「まあソラがハヤシ君の事を好きなのは分かっていたから本題はそこじゃないんだよね~。」
顔を赤らめる私に構わず海が楽しそうに話し始め、続けた。

「ソラ。月の妖精の噂って知ってる?」

「月の妖精?知らない。」

「最近学校で噂にはなっているんだけど、満月の夜にある儀式をすると、妖精を呼び出す事が出来て、その妖精が必ず恋愛を成就させてくれるんだって♪
ただこの儀式の内容がなかなか難しくて、まだ試した事のある人はいないらしいよ。」

「必ず恋愛を成就…」
私がそうつぶやくと海はすかさず

「ねっ♪ねっ♪ソラ♪やってみようよ♪」

「え~っ!?嫌だよ!高校生にもなって妖精なんて信じる訳ないじゃん!」

「信じてなくてもいいよ~!
どうせソラの事だから、ハヤシ君にアタックする方法を私が提案した所で一切行動に移さないでしょ!
だからこう言うおまじないみたいな事ならソラもやり易いかなって思って。

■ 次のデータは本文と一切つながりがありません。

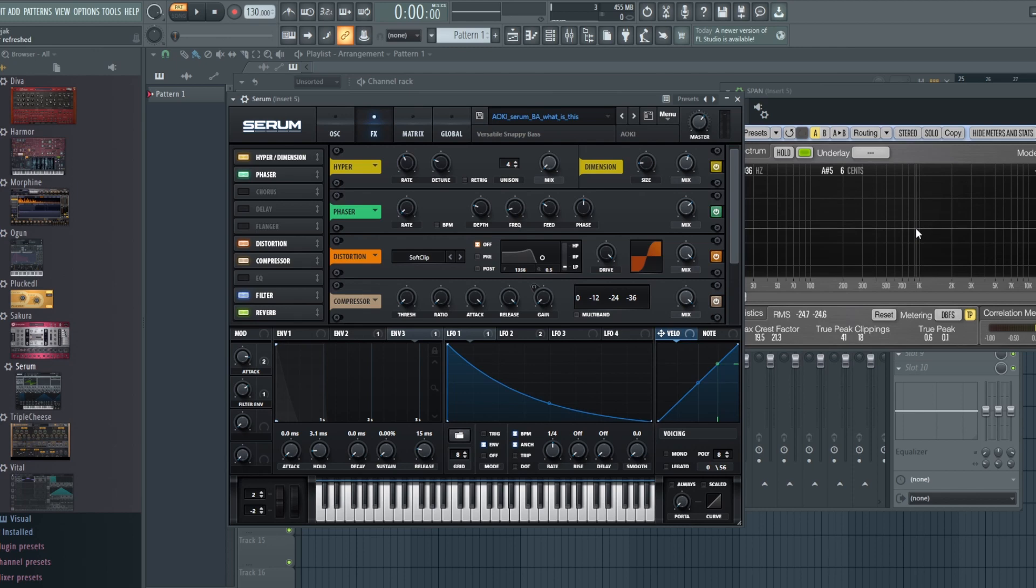The general idea behind distortion is it adds harmonic content. You have to be careful how you use it. Sometimes it can be a lot and really take away from the sound. Other times you might not even need it at all because it just doesn't add much to it. So hopefully you like this video and I'll see you next time.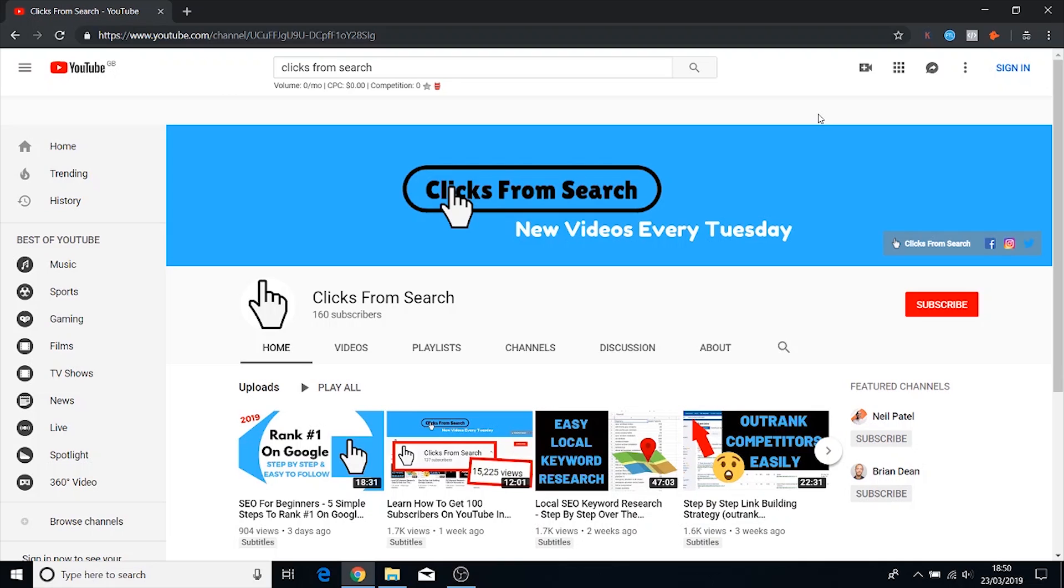Now before we jump into this video I just want to make a little bit of a call to action here. We've been getting a lot of viewers recently and the number of subscribers that we've been getting has been stagnating a little bit. If you are continuously watching the videos make sure to subscribe to the channel and also turn on notifications so that you get notified when a video goes live every single Tuesday.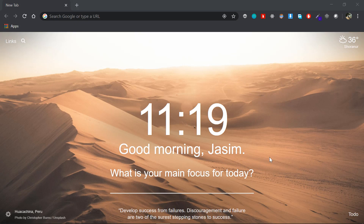Ok guys, now let's go to the browser. If you have any information on the site, you can use it.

」
海はニコニコとした表情で話している。

からかっている様子はない。
本当に私を想って言ってくれているのだろう。

「う~ん。分かったわ。やってみてもいいとは思うけど、その儀式?って難しいんでしょ?
私に出来るのかな…?
と言うか海!
私は好きな人海に教えたんだから、海も好きな人を教えなさいよ!」
思い出したように私は言った。

「え~。好きな人いないよ~。」
海は私の目を見、微笑みながら言った。

これは本当だ。
海は嘘をつく時は必ず目線が左下に逸れる癖がある。

「私は今恋をしてないから~。
ソラの恋を応援する係だよ♪
と、言う訳で!
今夜はちょうど満月だから今夜決行ね♪」

「っっ!?ちょっと待って!
今夜って急すぎるし、だいたい儀式の事も私まだ聞いてないし…!」

「大丈夫大丈夫♪
私もついてるし、実際の所儀式って全く難しい事じゃないから♪」

「…で?儀式って何をするの?」
私がじと~っとした表情で問う。

「それは今夜のお楽しみ~♪」

海がそう言ったタイミングでチャイムが鳴る。

「ほら。下校時刻だよ。帰ろう♪」
海に促され帰路についたが、下校中も海は儀式の事は教えてくれず、待ち合わせの時間と場所だけ一方的に決めて、その場は一度別れた。